The methane rule is just one of dozens of late Obama administration regulations that Republicans lambaste as a burden on U.S. businesses, contending they offer few benefits but come with high costs.

“Obviously, over-regulation has been a constant complaint around the country and one of the reasons the economy’s not doing as well as it should,” Senate Majority Whip John Cornyn (R-Texas) told POLITICO this week. “So this is one tool we have available to us, obviously. So we’re going to do a number of these.”

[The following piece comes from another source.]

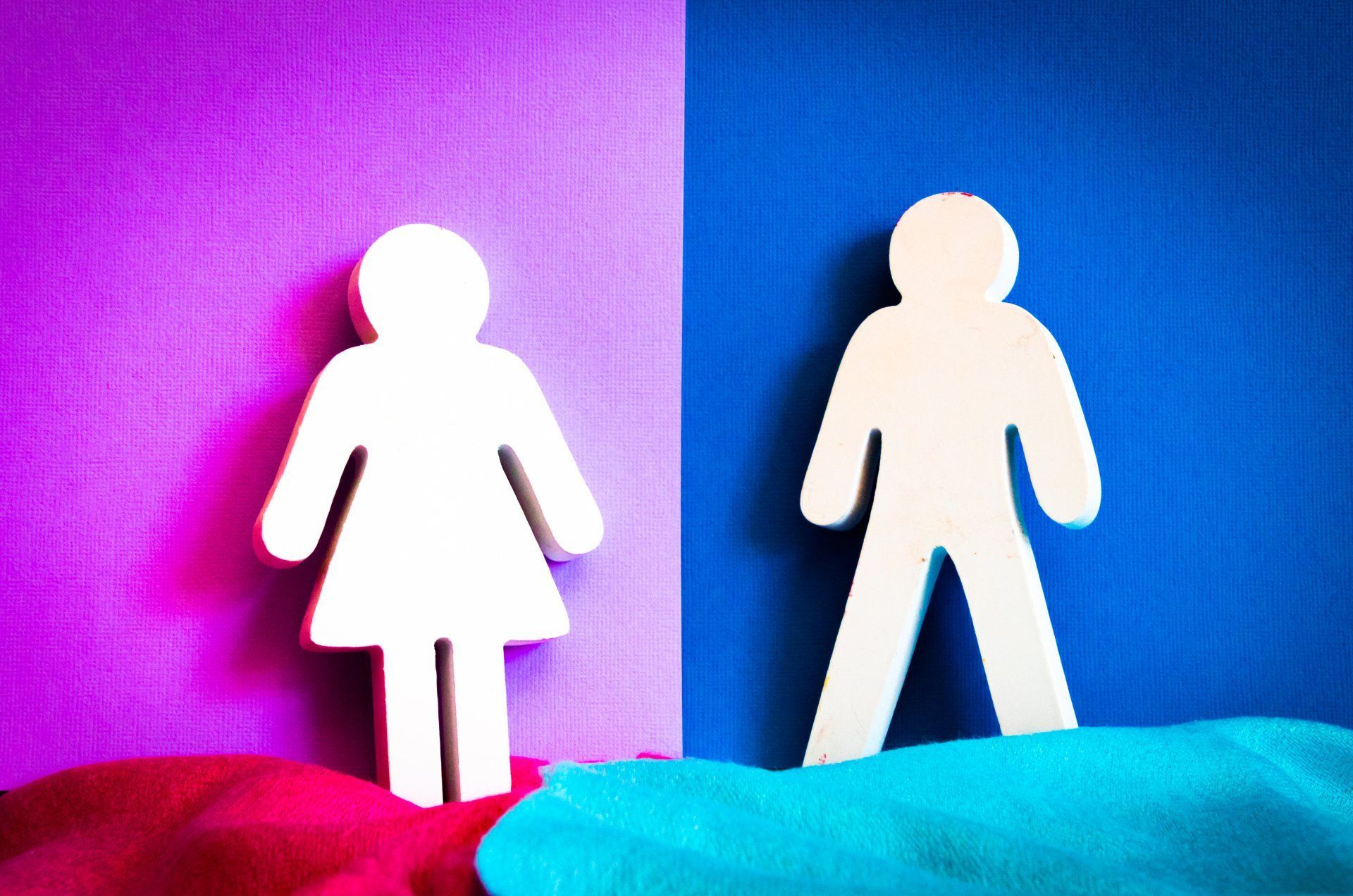 Silhouette figures of woman and man against purple/blue background.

As soon as next week, the Senate is also expected to take up House-passed resolutions blocking rules that require background checks before Social Security recipients with mental health issues can buy guns, and order federal contractors to disclose labor law violations.

The House, meanwhile, has teed up several more resolutions likely to pass next week. Those would repeal rules on the reporting of work-related injuries and drug-testing requirements; teacher preparation; state education plans; and the use of public lands. More resolutions are in the works as Republican leaders sort through the list of rules that can be be eliminated, a House Republican aide said Friday.

The Trump administration may have to unwind other Obama-era rules through the regulatory process once his Cabinet is in place, or lawmakers may have to block them with appropriations riders, Republicans said.

Courts have never tested the provision of the Congressional Review Act that prohibits the executive branch from enacting rules similar to those lawmakers have repealed. It's almost certain to draw legal challenges in the future, although that's not much of a worry for Republicans now.

“We’re going to make a lot of lawyers rich, but if we’re going after regulations that I think are onerous then I think it’s worth the fight and we should do as much of it as we can," Cole said.

Eric Wolff and Alex Guillén contributed to this report.